Oh joy oh joy praise to the GM and smite those dirty players. I just said how it works. You want a simple template, go lookup advanced, giant, young, celestial, and fiendish. The zombie template is a whole template. It rebuilds the monster as a zombie. Congratulations, we learned something today.

Sorry dude, but the base creature is the base creature. You don't have to like it, but stop lying about it. Exactly what makes it so appealing to come and spread misinformation or try to intentionally complicate the rules for a guy who was asking an honest question and just wanting the answer to that question? Who's to say he isn't a new GM and learning how to play the game, and he doesn't want to make a mistake?

Sheesh.

EDIT: Wanna know where the PC gets his corpses? The GM. Random hydra jumps out of a river and decides to make the PCs lunch, but fails and is now pushing daisies? Animate dead! Random garguantuan hydra with 30 hit dice jumps out of a big river and still doesn't manage to wipe the PCs? Animate dead! PC wanders into some cemetery and decides to animate dead? The GM decides what levels and classes they were, and for simplicity might say "Just stat them down as 1st level human commoners, and 3d6 1st level human warriors, and...let's say a 4th level barbarian using the elite array".


cynarion wrote:

Somewhat separately:

Skylancer4 wrote:
A 4 HD giant is supposed to have its racial abilities modified by the template, not its racial and class abilities. The issue being some races are "defined" by a class (those that only have 1 HD) so in those cases it may be tricky to divy up the abilities.

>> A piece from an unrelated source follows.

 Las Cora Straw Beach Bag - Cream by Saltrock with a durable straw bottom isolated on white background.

Those races defined by class have 0HD, not 1HD:

Bestiary 1 wrote:
Drow are defined by their class levels--they do not possess racial Hit Dice.
For example. The same applies to every other race with a '<such and such> characters' block in both Bestiaries, e.g. aasimar, orcs, kobolds... It's the interaction between the zombie template and these 0HD races that is really causing the trouble.

Tomato tomato, a race that has 1 HD is a race with racial HD, a class level will increase its HD beyond one to 2. A creature cannot have 0 HD and exist mechanically so they are the 1 HD class defined races.. Regardless I'm fairly sure we're on the same page semantics aside ;-)

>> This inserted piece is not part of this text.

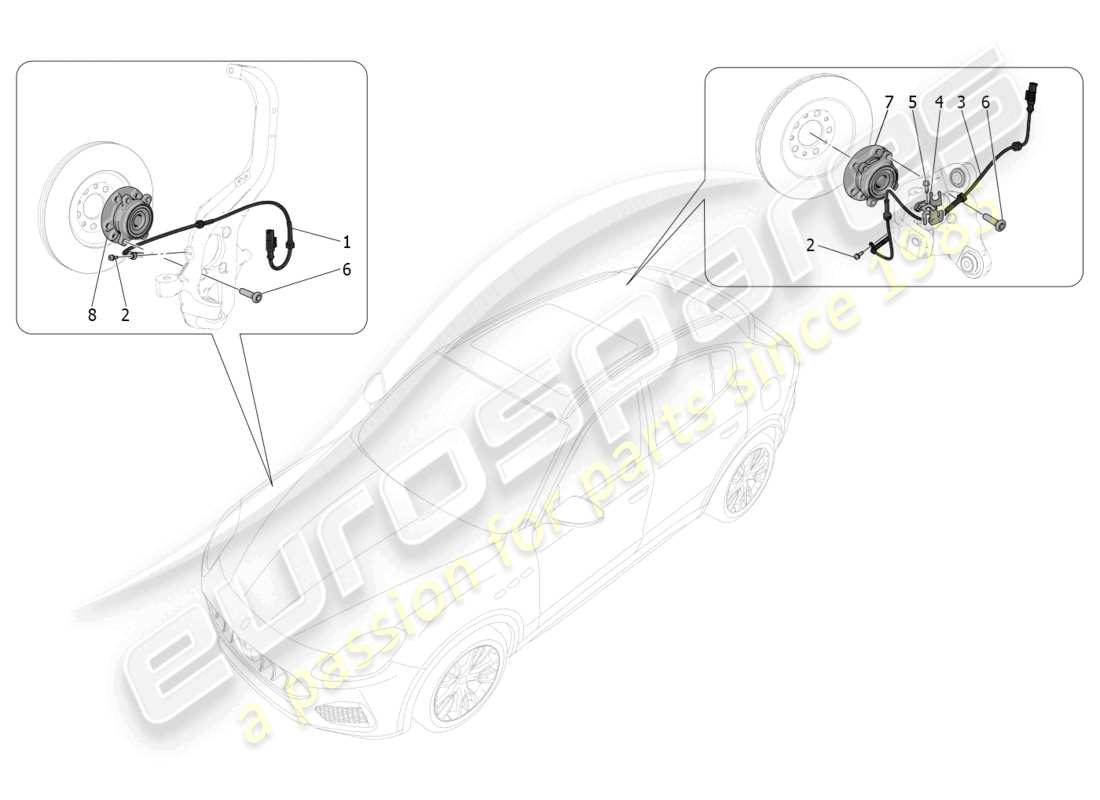 maserati grecale gt (2023) braking control systems part diagram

You would keep the stat modifiers, no reason to track which stats had been increased during the leveling process for all intents and purposes they are the creatures original stats, and yea so if you animate an elite creature you get a bigger and better version, elite creatures tend to be rare.. I hardly see a problem with it. raising your fallen barbarian companion can be a nice way to get a high quality zombie on the cheap.